### EXERCISE OBJECTIVE
Starting at the first line of the data, please print exactly those lines through the one that holds "Beauty Garden Makeup", omitting every picture.

### Web page caption snippets
╭──

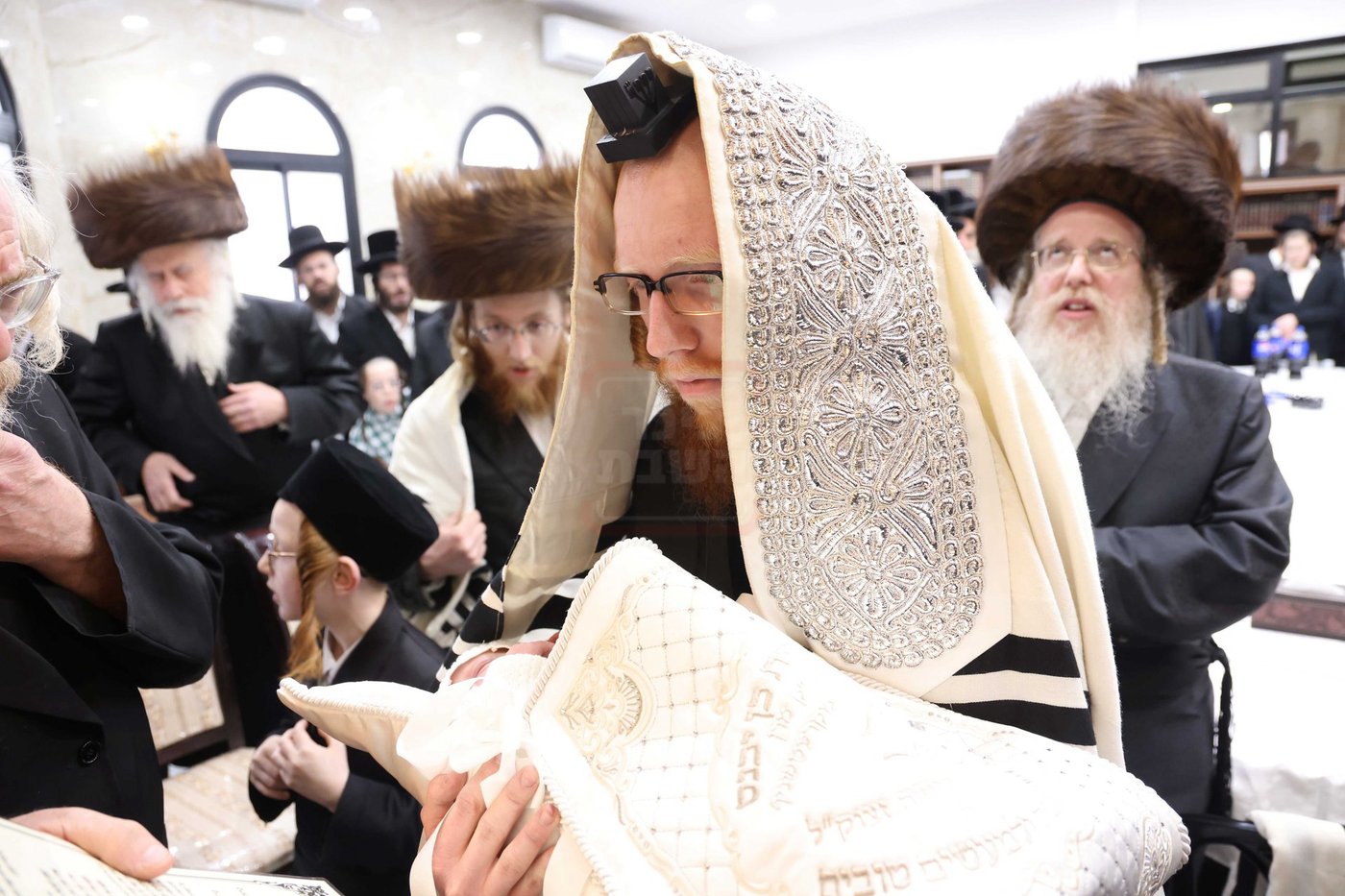 שמחת הברית בחצרות אמשינוב - קרעטשניף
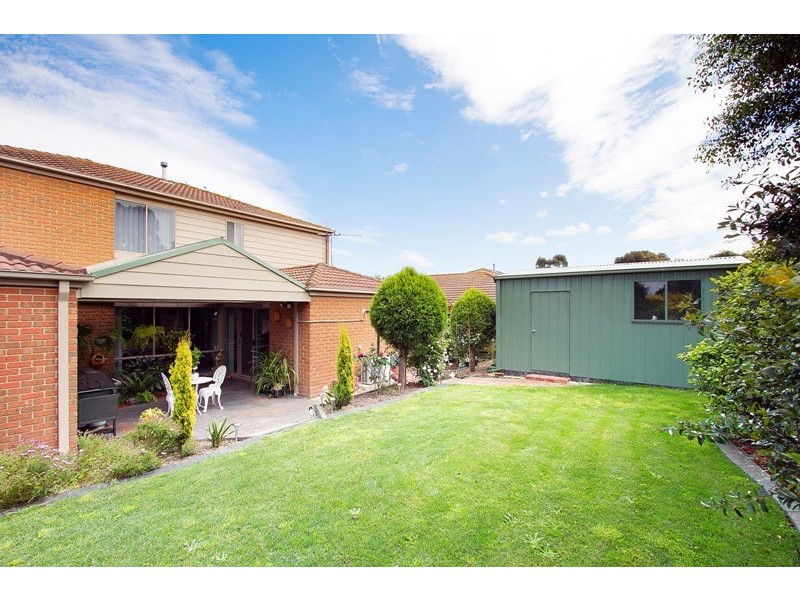 36 Lake View Drive, Narre Warren South VIC 3805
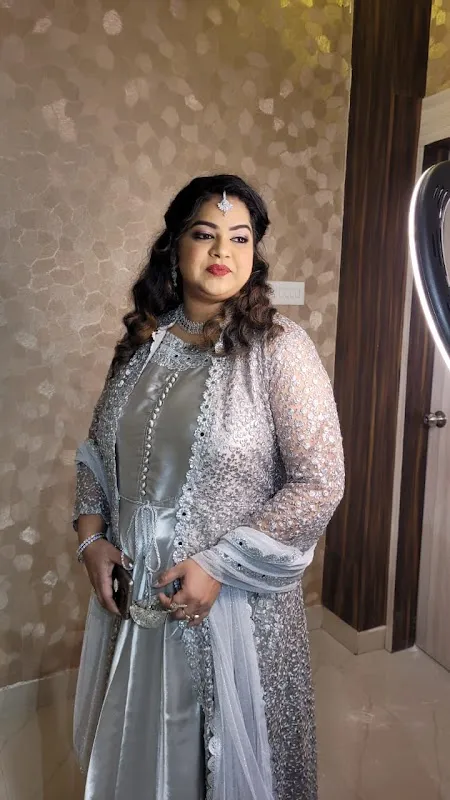 Beauty Garden Makeup Studio&Salon-Near me salon-Best Salon in hariharpur Lucknow-Best Makeup artist in Lucknow-Salon nilmatha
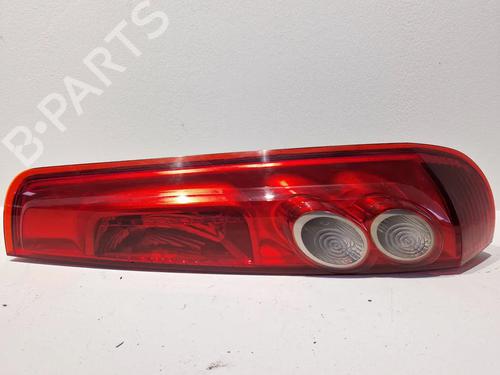 Used Right taillight FORD FIESTA V (JH_, JD_) 1.25 16V (70 hp) 30341294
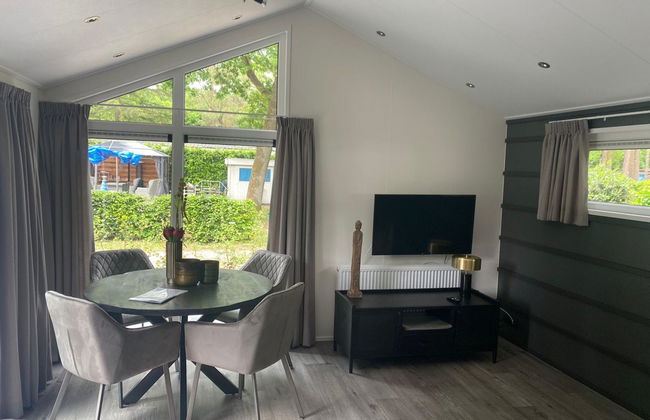 Casa de 3 quartos em Otterlo com piscina e terraço - Foto 1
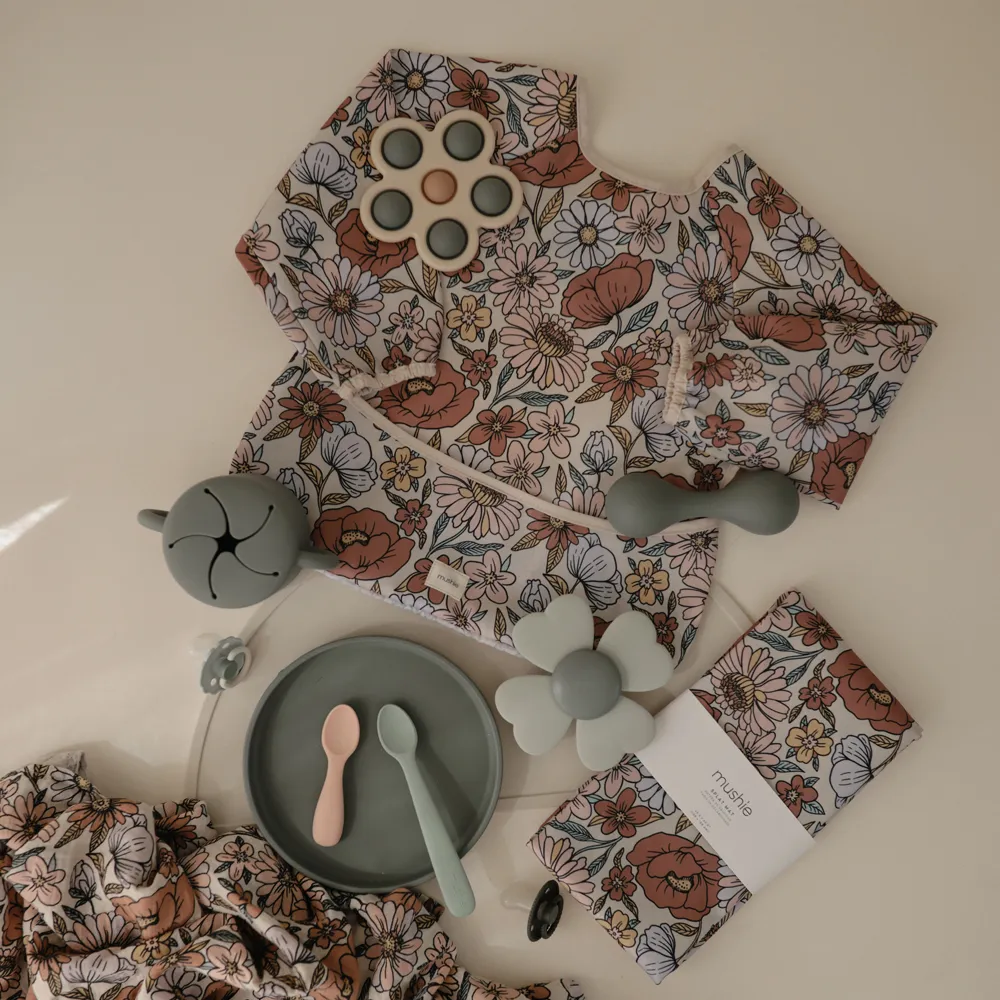 Mushie long sleeve bib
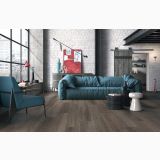 Gresie Imitatie Lemn Poetry Wood Mud 20x120 cm – ambient living, living industrial cu canapea turcoaz si pardoseala imitatie lemn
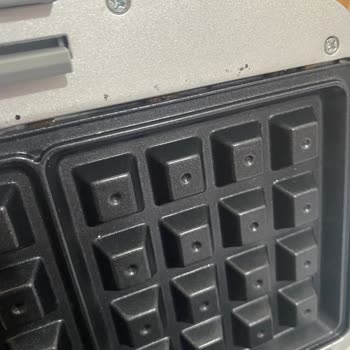 Solicito devolución de Waffle Maker Ariete tras desprendimiento en primer uso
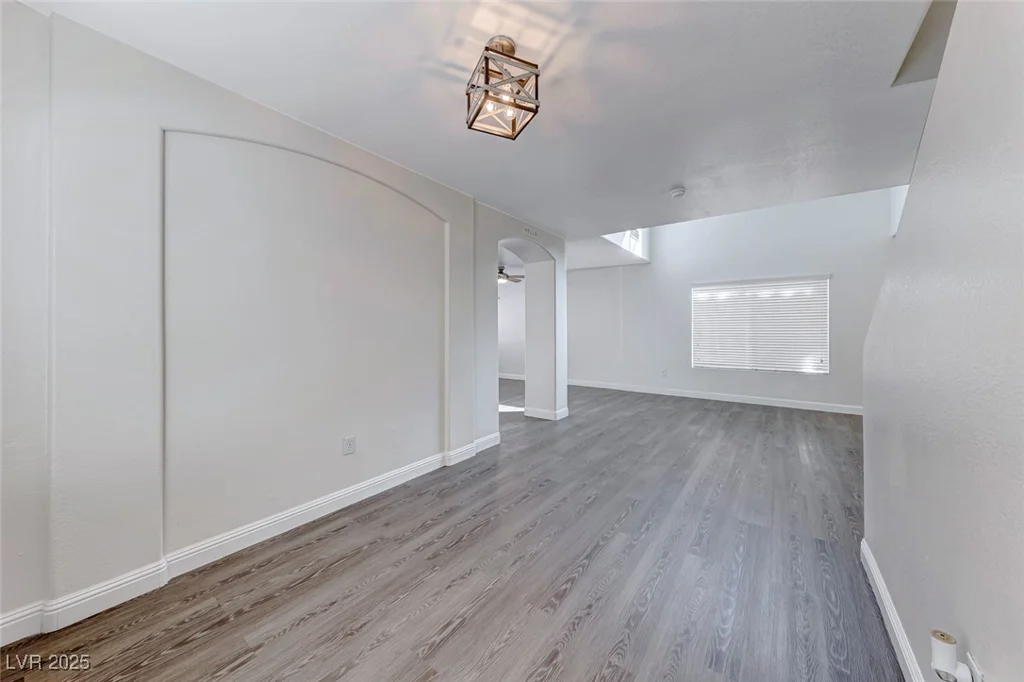 11028 Meadow Leaf, Las Vegas, NV 89144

╰──

### OUTPUT
 שמחת הברית בחצרות אמשינוב - קרעטשניף
 36 Lake View Drive, Narre Warren South VIC 3805
 Beauty Garden Makeup Studio&Salon-Near me salon-Best Salon in hariharpur Lucknow-Best Makeup artist in Lucknow-Salon nilmatha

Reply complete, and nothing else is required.